* Data to examine:
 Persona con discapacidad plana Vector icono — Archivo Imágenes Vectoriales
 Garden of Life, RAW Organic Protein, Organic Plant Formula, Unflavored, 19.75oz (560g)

---

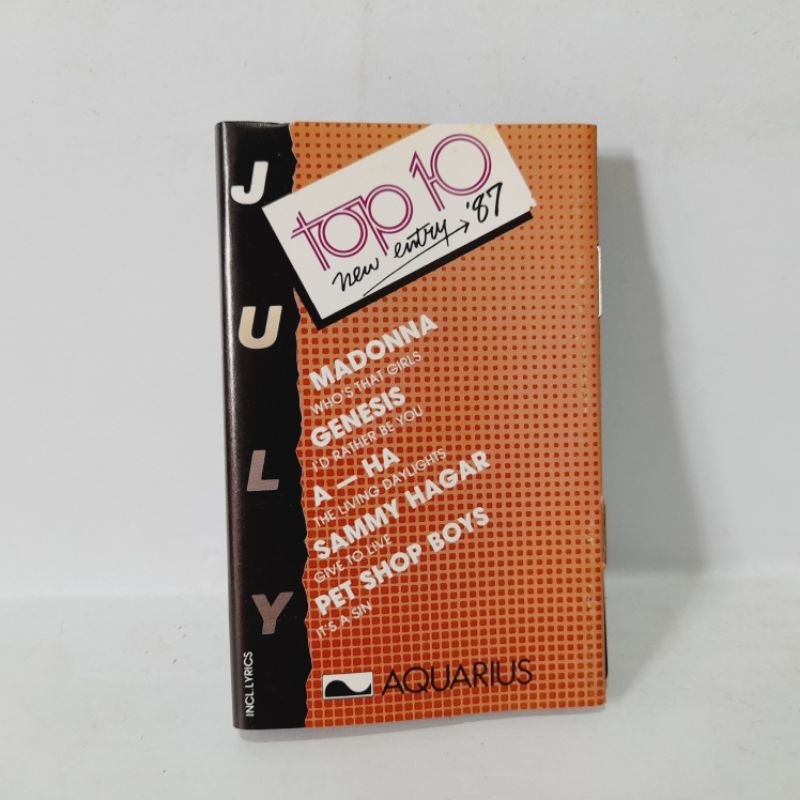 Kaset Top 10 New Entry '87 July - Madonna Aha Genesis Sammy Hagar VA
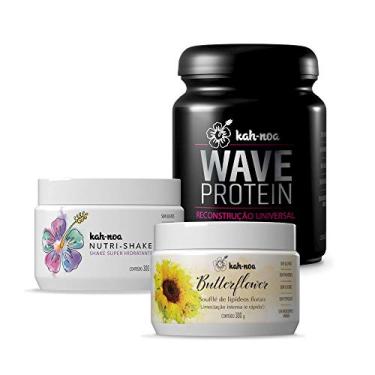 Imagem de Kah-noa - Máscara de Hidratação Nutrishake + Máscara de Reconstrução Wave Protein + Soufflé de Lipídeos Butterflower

...

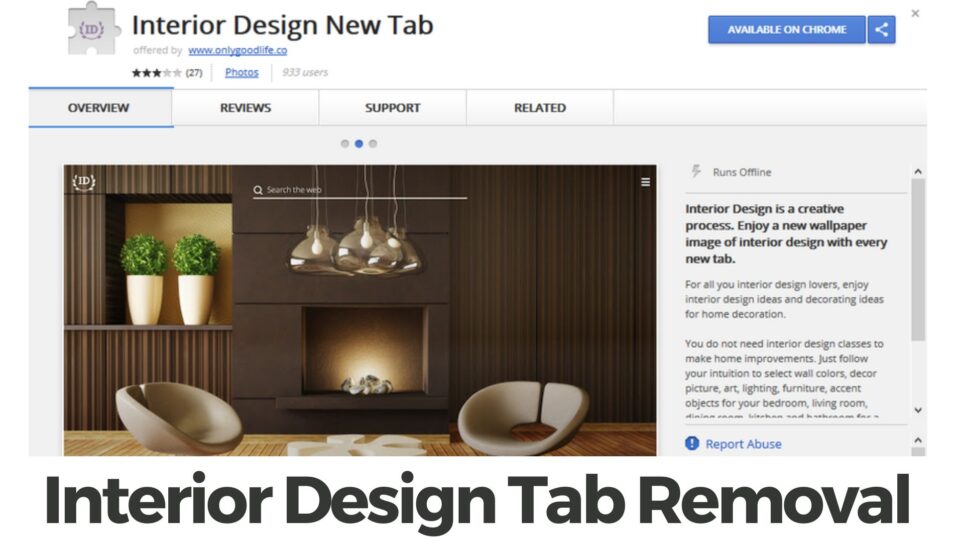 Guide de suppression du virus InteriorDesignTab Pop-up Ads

* Your objective:
Using the data above, reproduce exactly the lines from the line that contains "Persona con discapacidad" through the line that contains "Garden of Life, RAW", including both.

* Solved exercise:
 Persona con discapacidad plana Vector icono — Archivo Imágenes Vectoriales
 Garden of Life, RAW Organic Protein, Organic Plant Formula, Unflavored, 19.75oz (560g)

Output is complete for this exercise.